A short dive into Twitter uncovered a post by a user who claimed to be a freelance writer who had written a story for the National Enquirer about a doorman at Trump’s residence who claimed Trump had a child with a cleaning woman who worked in the building. The supposed writer claimed to have been paid for the story by AMI, the National Enquirer’s parent company, which promptly spiked the story. The writer’s claim can’t be confirmed, but the fact that the National Enquirer paid Dino Sajudin, a former doorman at Trump World Tower, $30,000 in December 2015 for exclusive rights to his story has been confirmed. No AMI publication ran a story on Sajudin’s claim prior to the 2016 election; the story didn’t break until 2018. And before you say December 2015 wasn’t really the presidential election season, Trump announced in June 2015, and Trump participated in five primary debates in 2015.

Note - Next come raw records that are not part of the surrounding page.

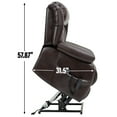 thumbnail image 4 of Newest Dual Motor Infinite Position Up to 350 LBS Electric Medium size Brown Power Lift Recliner Chair with 8-Point Vibration Massage , Lumbar Heating, 4 of 9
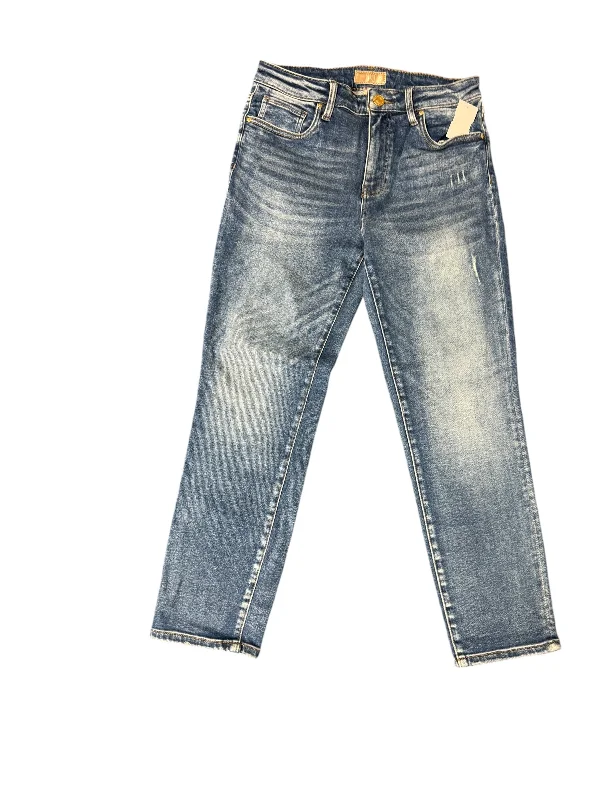 Jeans Straight By Kut In Blue Denim, Size: 8 Sporty Women's Tennis
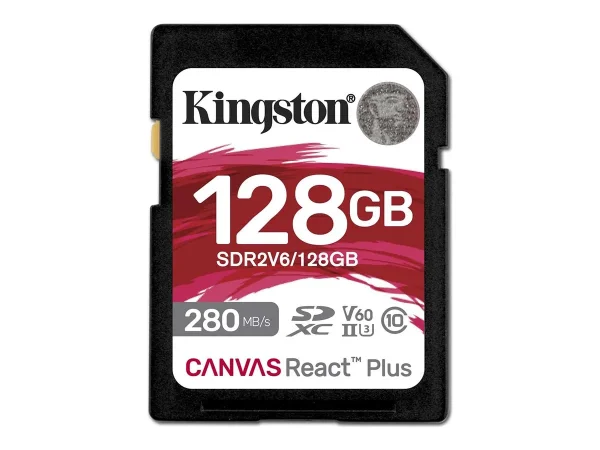 KINGSTON 128GB Canvas React Plus SDXC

If Bragg is looking into Stormy Daniels’ non-disclosure agreement for using Trump Organization funds to pay for a personal and political cost for Donald Trump’s personal advantage, Bragg is likely also looking into all payoffs made with Trump Org funds. This would include the payoff to Sajudin–and likely many others who were paid to keep Trump’s dirty little secrets such as Karen McDougal.
Michael Cohen, AMI president David Pecker, and Trump attorney Robert Costello would all know, in whole or in part, how frequently Trump did this. And Costello reportedly testified before the grand jury, likely to claim Trump’s action were typical, not criminal. (Indeed, Tucker Carlson made this argument last week.) If Costello made the claim, he would have to list other times Trump paid off people to stay silent to prove his point–and Costello would have to do so under oath using the books of the Trump Organization to support his claim. Each one of those payoffs is a potential case, which Pecker–called back to the grand jury after Costello’s testimony–could corroborate.